## Import all necessary Libraries
* **OCI** - Python Library that converts Python Commands into OCI API Requests
* **JSON** - For JSON to Python Dictionary Conversion , File read , and File write
* **PPRINT** - Module for pretty printing all text while debugging
* **DATETIME** - Used to Convert String Datetime Inputs from OCI API into datetime objects for carrying out datetime arithmetic

In [6]:
import oci
import json
import pprint
import pandas as pd
import datetime
from operator import itemgetter
import asyncio
import time
import logging
import concurrent.futures as cf

## Helper Functions
* Some of the helper functions written to make the code cleaner

In [7]:
from helpers import list_region_subscriptions
from helpers import fetch_compartment_heirarchy
from helpers import search_region_and_populate
from oci_clients import clients_init

## Define Resource List to Query
* Initialize Clients that will be leveraged
* Conditional variables - Interested in qeurying for active resources
* Using || Symbol to make sure we fetch resources either in Active, Running or Available State

## Supported Resources in Search
* [List of Supported Resources](https://docs.cloud.oracle.com/en-us/iaas/Content/Search/Concepts/queryoverview.htm#resourcetypes)

In [8]:
resourcetype_list = [
    "instance",
    "dbsystem",
    "vmcluster",
    "odainstance",
    "bootvolume",
    "bootvolumebackup",
    "volumebackup",
    "volumebackuppolicy",
    "volume",
    "datascienceproject",
    "datasciencemodel",
    "datasciencenotebooksession",
    "datacatalog",
    "analyticsinstance",
    "autonomousdatabase",
    "integrationinstance",
    "vcn",
    "subnet",
    "vnic",
    "securitylist",
    "routetable",
    "natgateway",
    "servicegateway",
    "onstopic",
    "onssubscription",
    "stream",
    "connectharness",
    "bucket",
    "vault",
    "filesystem",
    "apigateway",
    "apideployment",
]
condition_list = [
    "lifecycleState = 'RUNNING'",
    "lifecycleState = 'AVAILABLE'",
    "lifecycleState = 'ACTIVE'",
]
resourceString = (", ").join(resourcetype_list)
conditionString = (" || ").join(condition_list)
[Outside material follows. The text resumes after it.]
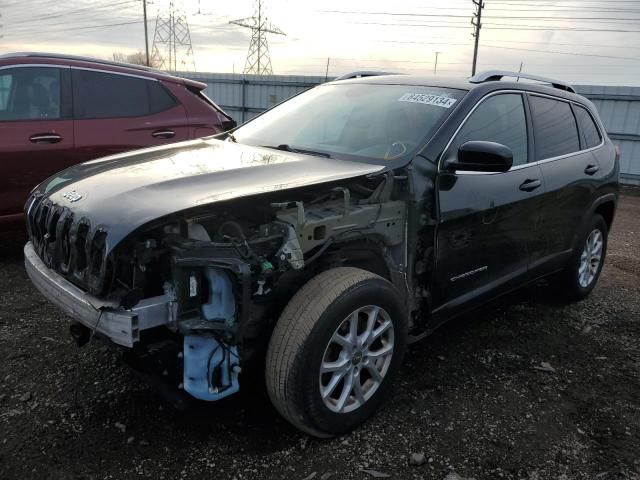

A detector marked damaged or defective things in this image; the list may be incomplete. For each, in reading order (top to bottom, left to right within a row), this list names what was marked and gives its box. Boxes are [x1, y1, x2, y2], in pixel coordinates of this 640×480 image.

crumpled hood [33, 137, 384, 251]
damaged front end [26, 171, 410, 404]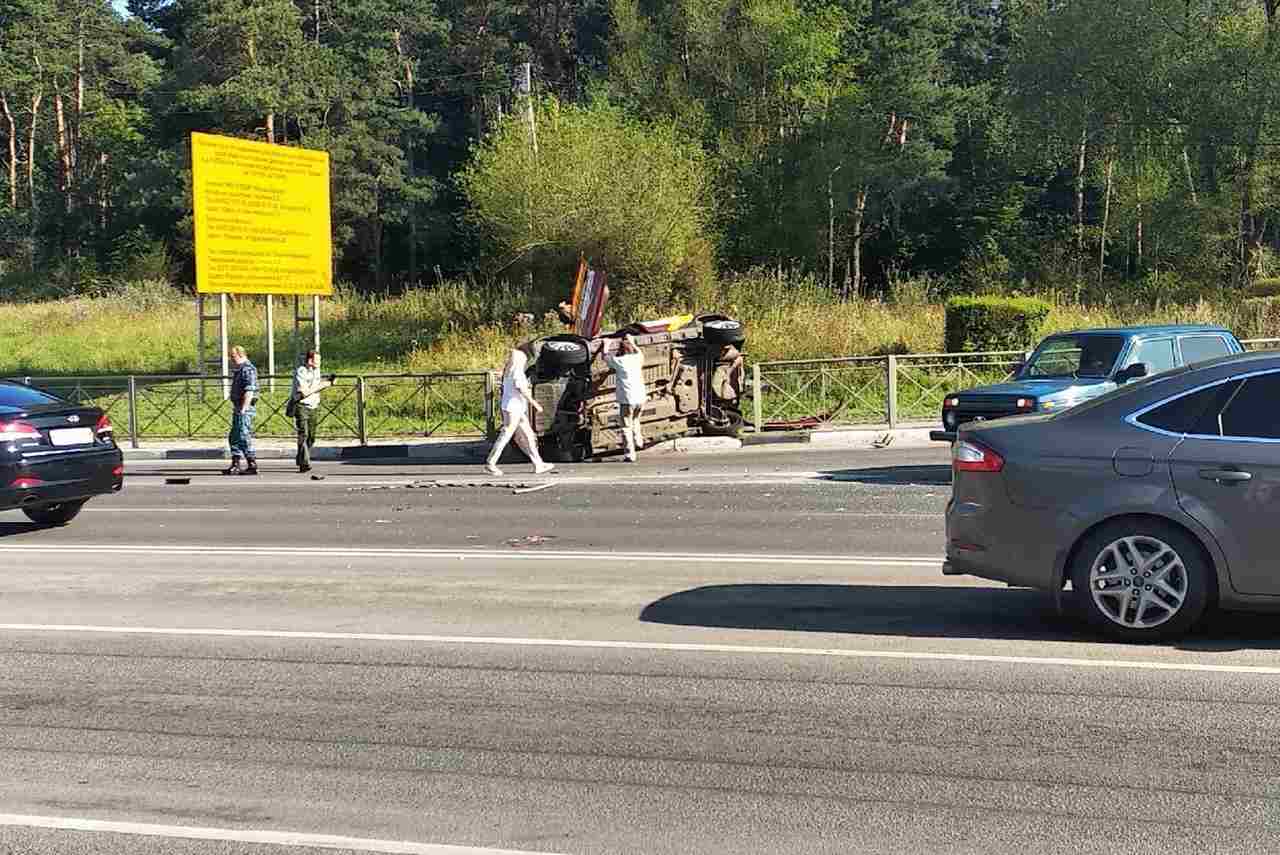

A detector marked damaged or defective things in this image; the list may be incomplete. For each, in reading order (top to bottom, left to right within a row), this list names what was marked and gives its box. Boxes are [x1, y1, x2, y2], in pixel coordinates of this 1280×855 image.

## Supported Clients & Resources
- Search provides the list of OCIDs based on the query string 
- Use the OCIDs to drill down into the resources further to understand your tenancy better
 - **Identity Client** - To understand how many regions ( Data Center Geographies, the tenancy is subscribed to )
 - **Search Client** - To fetch all resources that satisfy query conditions
 - **Compute Client** - To Drill down into compute resources for Compute/VM/Bare metal server specific Information
 - **Database Client** -  To Drill down into database resources for Database Specific Information 
 - **Analytics Client** - To Drill down into analytics resources for Analytics Instance Specific Information
 - **VCN Client** - To Drill down information of VCN, Subnets, LPGs, DRGs, Load Balancers etc. 
 - **Notifications Client** - To Drill down on Information on Notification Topics, Subscriptions etc. 
 - **API-GW Client** - To Drill down on API Gateway & API Deployments.
 - **Block Storage Client** - To Drill down on Block Volumes and Boot Volumes.
 - **Object Storage Client** - To Drill down on Object Storage Solution.
 - **Streams Client** - To Drill down on Streams, kafka Connect harness etc. 

## Setup the OCI Config
* Read the OCI Config from the default Path / provide the path where the config file is available

In [9]:
config = oci.config.from_file()
tenancy_id = config["tenancy"]

## List all Regions Subscribed in Tenancy
 - **Search** endpoints are regional and hence we will iterate asynchronously over all regions

In [10]:
region_names = list_region_subscriptions(config)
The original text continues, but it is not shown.